Hiç kuşkusuz Amerikanizm içeride muhalif ideolojiler açısından Kemalist sistemin aşılabilmesinde imkan sağladığı gibi karşıt yönde reaksiyonları da beslemektedir. Her şeyden önce tek parti dönemi uygulamalarından türlü ödünler verilecektir. Farklı siyasi ideolojik kesimlerin bunların hangisini destekleyip kösteklediği ise bir başka boyuttur. Birbiriyle ihtilaf oluşturan uygulamaların hepsinde tüm sosyo politik yapıların mutabakat halinde olması düşünülemez açıkçası. Uygulamaların hepsinin tek parti dönemi devam ederken sergilendiği de söylenemez. Bir bölümü çok partili yıllara karşılık gelmektedir.

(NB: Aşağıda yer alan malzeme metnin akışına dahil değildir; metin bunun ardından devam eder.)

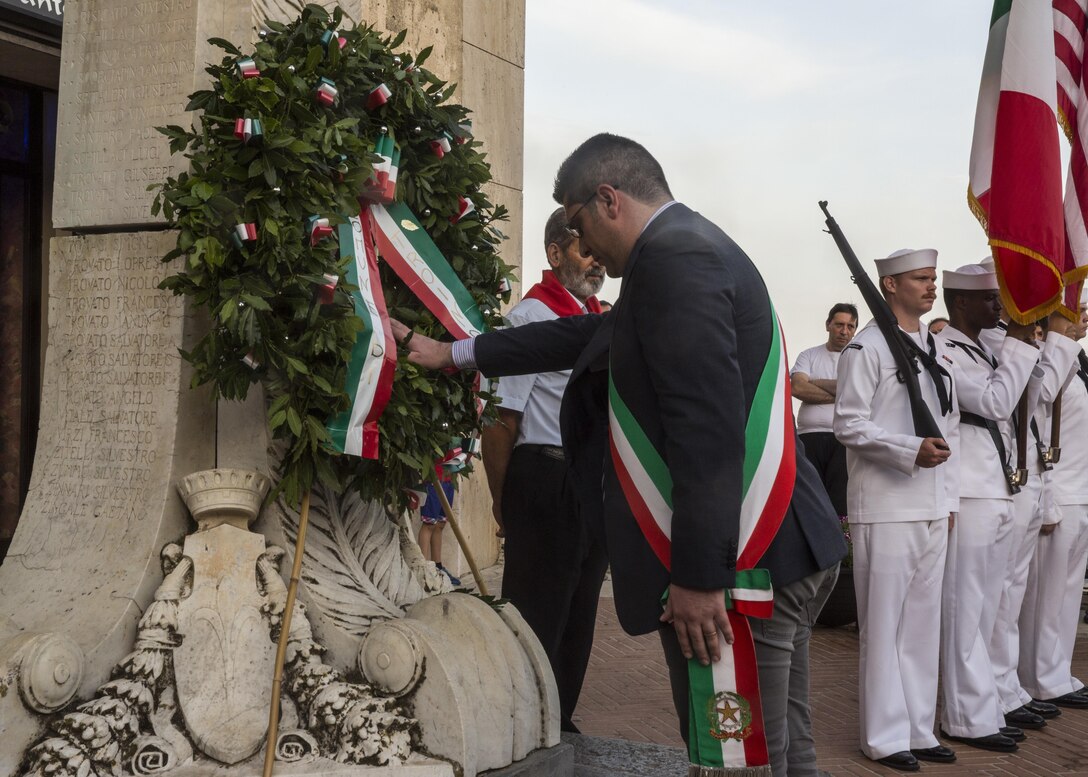 Fabio Venezia, mayor of Troina, Sicily, Italy, pays his respects during a wreath-laying ceremony for the Battle of Troina in World War II in Troina, August 2, 2015. The mayor asked the people of Troina and the American service members to remember the values so many fought and died for: freedom and democracy. (U.S. Marine Corps photo by Cpl. Olivia McDonald/Released)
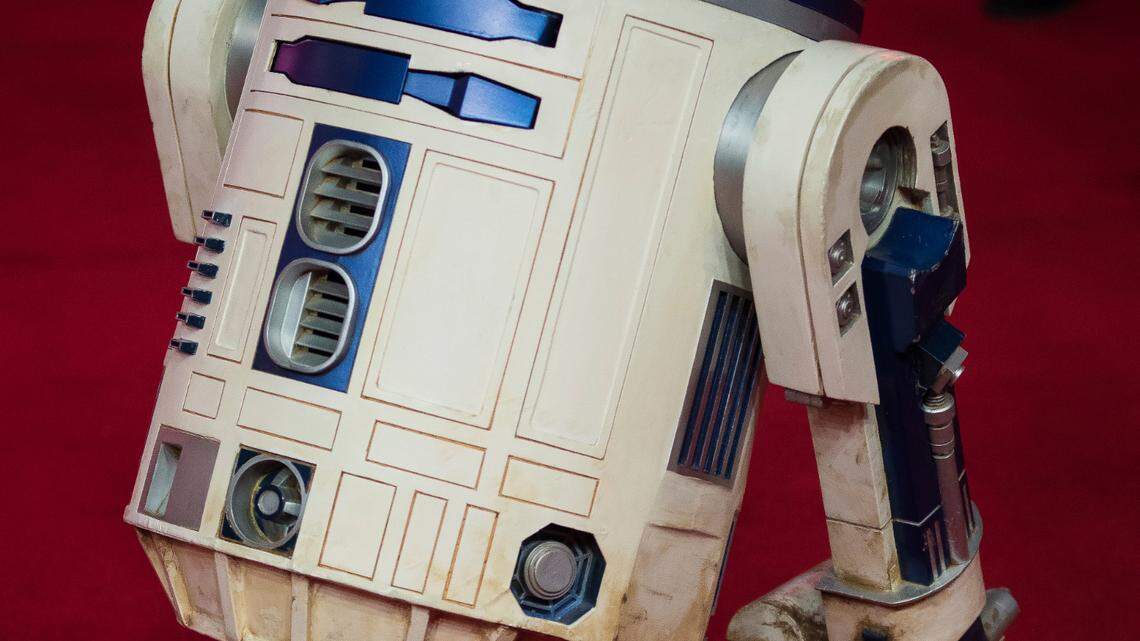 R2-D2 poses for photographers upon arrival at the premiere of the film ‘Star Wars: The Last Jedi’ in London, Tuesday, Dec. 12th, 2017. (Photo by Vianney Le Caer/Invision/AP)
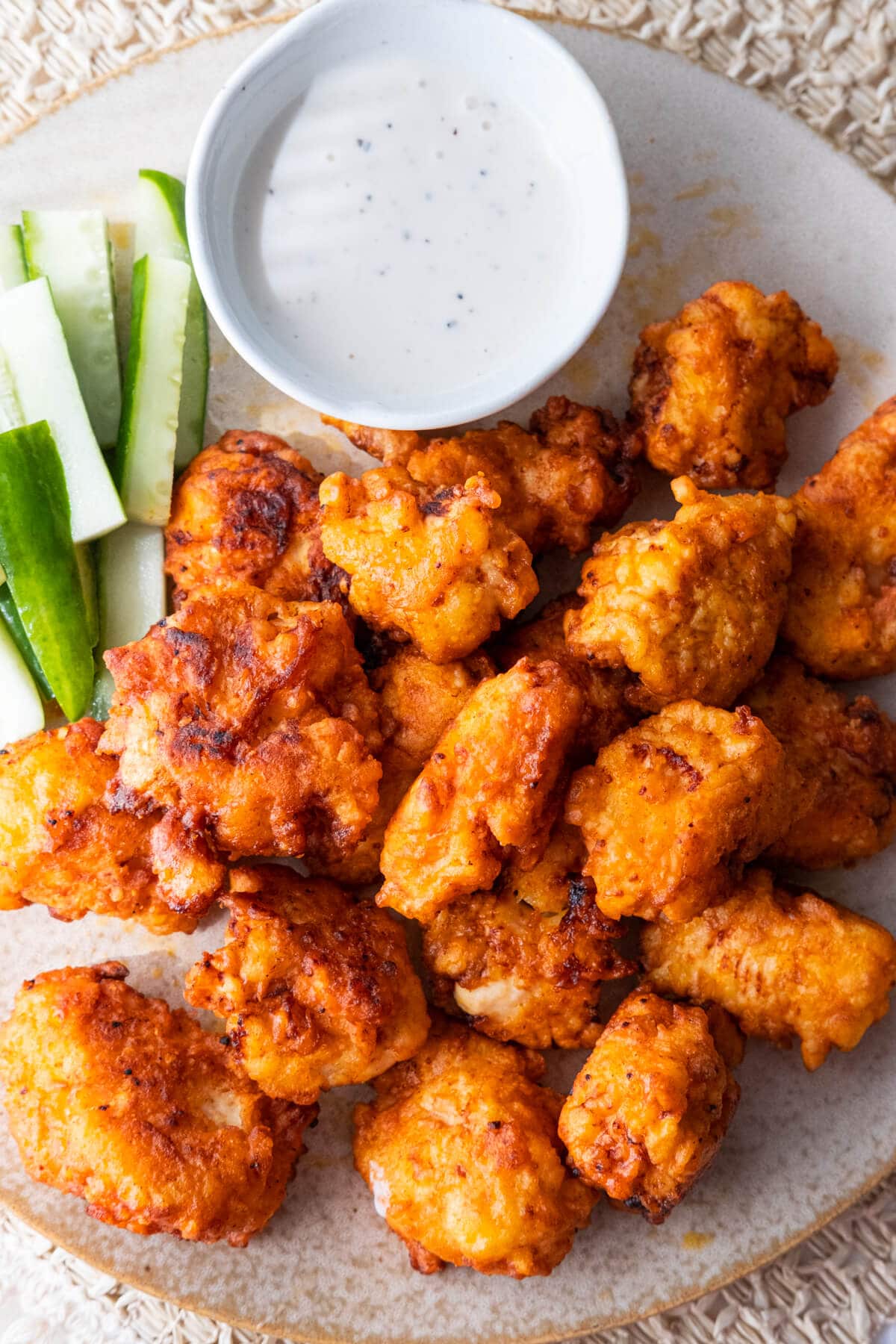 Delicious buffalo chicken bites coated with red, spicy buffalo-style sauce and served in a shallow plate. 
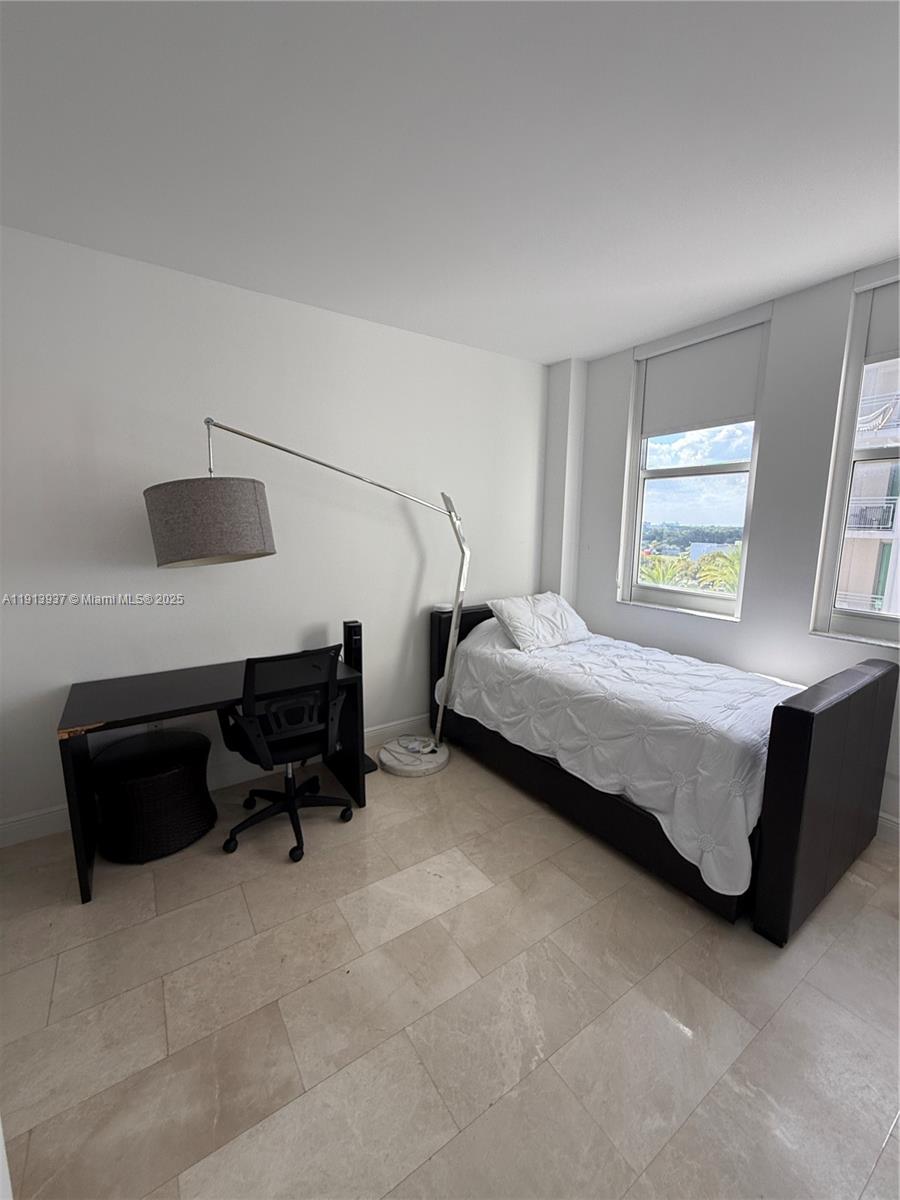 4100 Salzedo Street, Unit 811 Coral Gables, FL 33146 - Photo 25 of 28 a bedroom with bed and a window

Bin dokuz yüz kırk beş elli arası İmam Hatip okullarının öğretmen kurslarının açılması, Köy Enstitülerinin Hasanoğlan yüksek kısmının kapatılması, İsrail’in bağımsızlığının tanınması, Atatürk döneminde faaliyete geçen uçak fabrikamızın kapatılması, silah fabrikamızın ise havaya uçurulması türlü biçimlerde sorgulanır ve eleştirilir. İşin ilginç yanı İmam Hatiplerin temellenmesi ve Köy enstitülerinin kapatılması yönünde ilk hamleler Milli Şef İnönü yönetimine ait olduğu halde devamının getirilmesi yönünde adımları dolayısıyla Kemalist sol çevreler daha ziyade Demokrat Parti dönemine yüklenmektedir.
Buna karşın sağ kesimlerinde silah ve uçak ihtiyacımızın tümden Amerika tarafından karşılanması, İsrail’in tanınması, Adaların durumunun müzakere edilmesi gayesiyle toplanan Paris Konferansına katılmamamız kapsamında tek parti dönemine eleştirel baktığı görülmektedir. Yine Kore’ye asker göndermemiz, tek parti döneminin demiryolu siyasetinin terk edilip karayolu taşımacılığının geliştirilmesi hususlarında DP yönetimi eleştirilir sürgit. Halbuki bin dokuz yüz kırk beş doksan arası uluslararası ilişkilerimizin ve bunun iç siyaset üzerindeki izdüşümlerinin önemli ölçüde Anti komünizm/Amerikanizm tandanslı yürüdüğü, yürütüldüğü küçük farklılıklar dairesinde tüm siyasi dönemler ve yönetimler nezdinde muhakkaktır. Yine bu kırk beş yıllık doğu batı bloklaşması evresinde kantarın topuzunu kaçırmak noktasında hayli mesafe aldığımız açıktır.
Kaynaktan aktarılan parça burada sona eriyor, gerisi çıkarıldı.